While Palm Beach County and Palm Beach Gardens are heading to court over millions in developer fees, the saga of the Bay Hill Estates stoplight appears to be reaching a peaceful conclusion.
After getting city council permission May 6 to sue the county over its refusal to allow the stoplight, Palm Beach Gardens City Manager Ron Ferris sent the county an email late Tuesday accepting its conditions to move forward.
Ferris asked the county to grant the permit within 10 days of agreeing to terms, meaning installation could start soon.
After disputing the need for the stoplight since at least 2019, the county caved on May 12. It agreed with City Attorney Max Lohman’s position that the county had ceded authority over the signal to the city in a 2016 agreement allowing the Ancient Tree community.
“We are constrained to follow” the 2016 agreement “which inadvertently” gave the city control, the letter from County Engineer David Ricks said.
The county would move forward assuming the city met four conditions, all of which are part of the agreement Ferris sent Tuesday to the county. Once that agreement is final, Ferris asked that the county grant permits for the stoplight within 10 days.

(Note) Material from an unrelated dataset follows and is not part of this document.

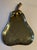 1970s vintage Sarreid Ltd brass tray in the form of a pear. The well of the tray has a hammered surface, terminating in a...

Among the conditions: the city, as planned, pays for the stoplight installation; the city grants the county authority over all signals on county-maintained thoroughfares; and the county operates the signal, which gives it final say over how often the light changes.
The cost will be about $550,000, paid with road impact fees collected from developers. The developers of Ancient Tree are scheduled to pay $288,000 in those fees.
The light, about 7 miles west of Interstate 95, would not be alone. Already, a stoplight exists at the Ibis Publix 1.7 miles to the east and at Coconut Boulevard about a mile to the west. And the 4,000-home Avenir to the west is likely to merit more signals.
MORE DETAILS: A map of the communities
County officials had worried that the stoplight would back up already overwhelming rush hour traffic further into The Acreage, an unincorporated community of about 50,000 west of Bay Hill Estates and Ancient Tree.
While the city and county appear to have avoided the courtroom over the traffic signal, the county filed suit Tuesday against the city over its mobility fee program. The county claims the city take mobility fees and stop collecting county road impact fees. Since the mobility fee program began in January 2020, the county estimates it has lost $1.7 million.